Wednesday, March 20, 2013
When I lie down I say, 'When shall I arise?' But the night is long, and I am full of tossing till the dawn.
Job's anguish is compounded by sleepless nights. The agony of his physical suffering stretches through every day and continues through countless hours of tossing and turning through each night. His is a weary soul. The relentless pain of no relief wears on him with a constant driving friction.
Having had my own bouts with a sleep disorder, I empathize with Job's fears. Nothing matches the mental agony that accompanies the dread of another night's sleeplessness. Bed and pillows become instruments of torture. Blankets become strangling restraints. And the minutes tick by like hours as sleeplessness slows time to a painful and excruciating crawl. And all the mind can dwell on is the lack of rest. Sleep is the easiest and most natural of activities... and it will not come. The misery compounds each night that this pattern continues. Pretty soon the capacity to function at all slips away. Days and nights morph into a gray, drowsy, zombie haze.

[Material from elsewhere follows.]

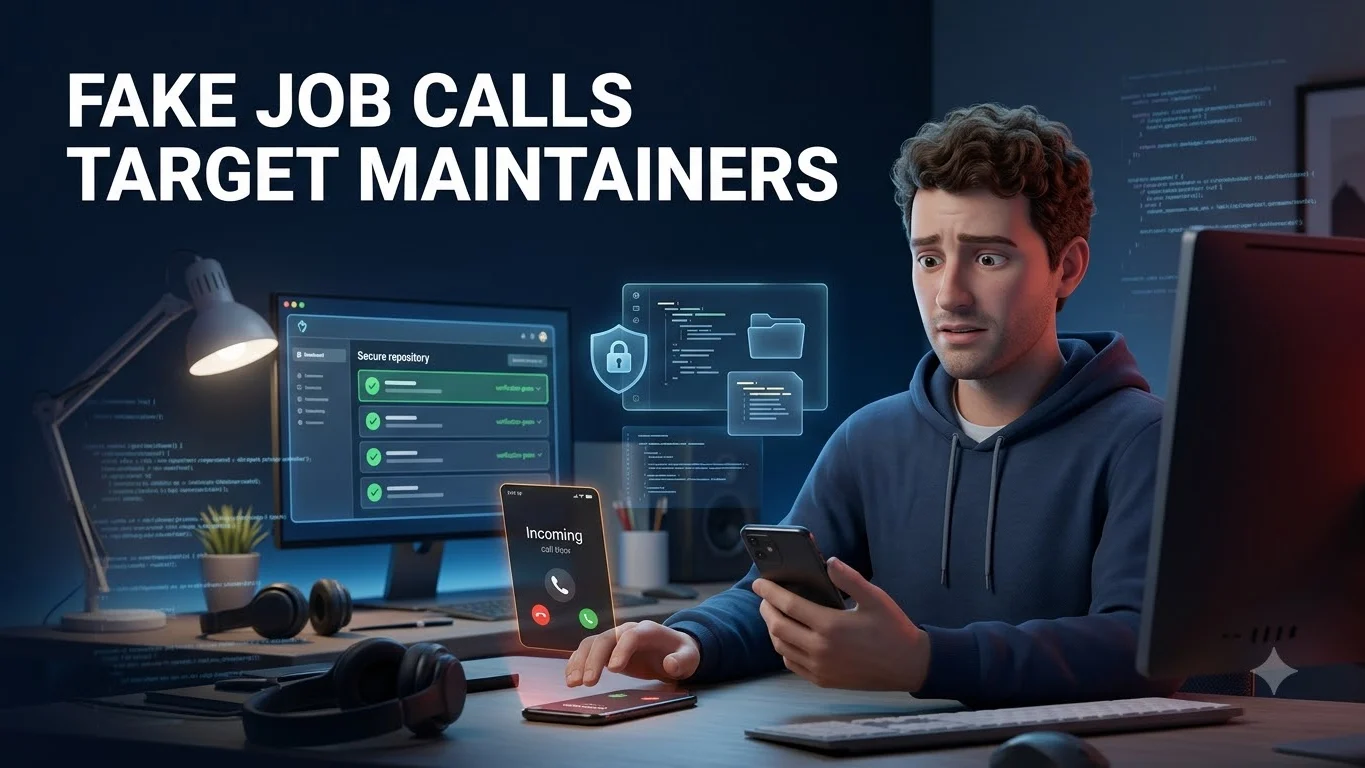 Cybersecurity illustration showing deceptive job-call outreach targeting a software package maintainer and publishing account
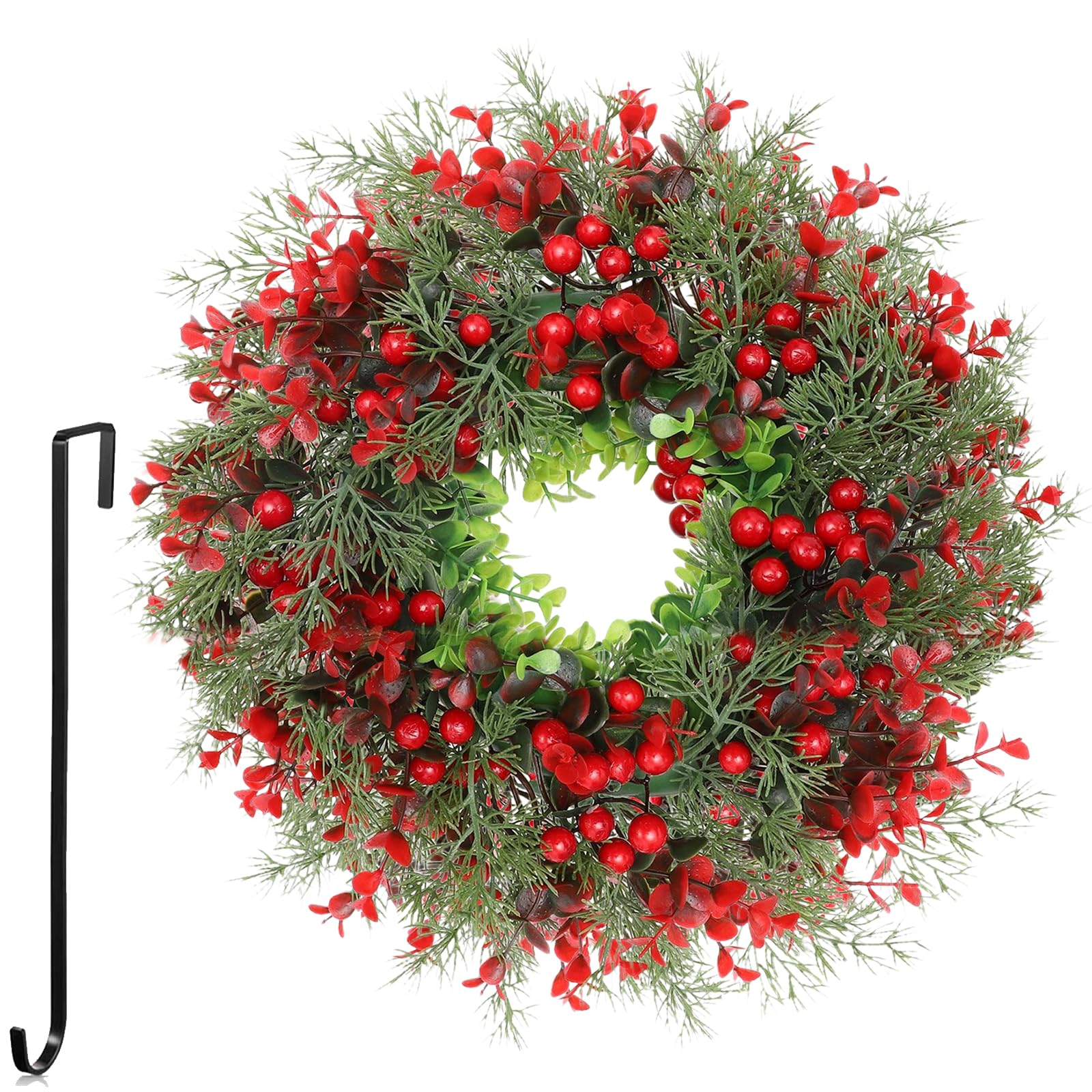 30CM Corona Navidad Puerta, Corona Navidad con Bayas y Flores, Coronas de Navidad Artificial con Gancho Negro, Colgante Adorno Puerta Navidad, Adornos Navidad para Innen außen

Depression is inevitable as the body wears down in sleeplessness. That explains a great deal of Job's negative perspective in his lament. He is innocent of the charges that Eliphaz has accused him of doing. But his mind is not at its sharpest defense. In the end, his best argument is to complain about his bitter circumstances and insist upon his blamelessness. The complaining may be the insomnia talking. The blamelessness is his integrity holding out some limited hope despite his circumstances.